Below are some entries. Transcribe the lines from the one holding "One drop. No restock. – Link in bio" to the one holding "impending trade talks", inclusive, but not the pictures among them.
Top of Records supplied
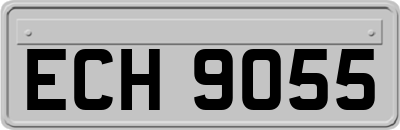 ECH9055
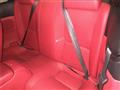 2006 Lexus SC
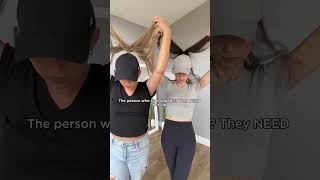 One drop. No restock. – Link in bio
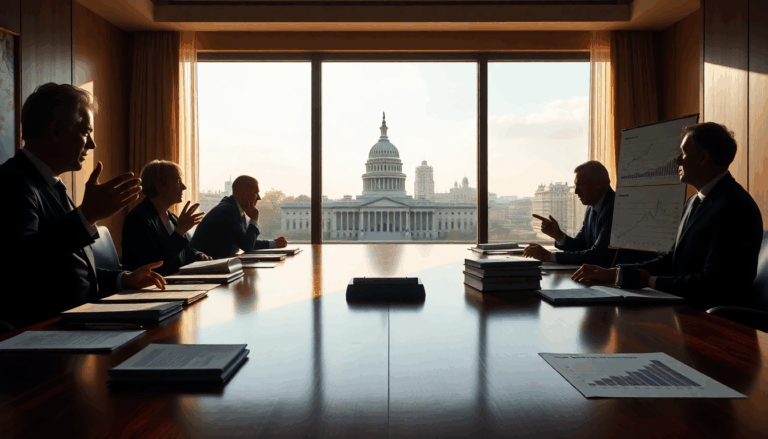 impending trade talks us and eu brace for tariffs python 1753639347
Bottom of Records supplied
Top of Records supplied
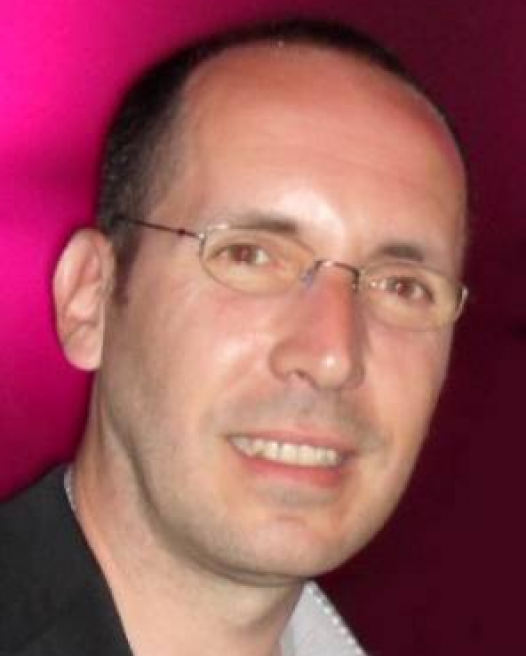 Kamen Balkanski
Bottom of Records supplied
• **Solution for this task**
 One drop. No restock. – Link in bio
 impending trade talks us and eu brace for tariffs python 1753639347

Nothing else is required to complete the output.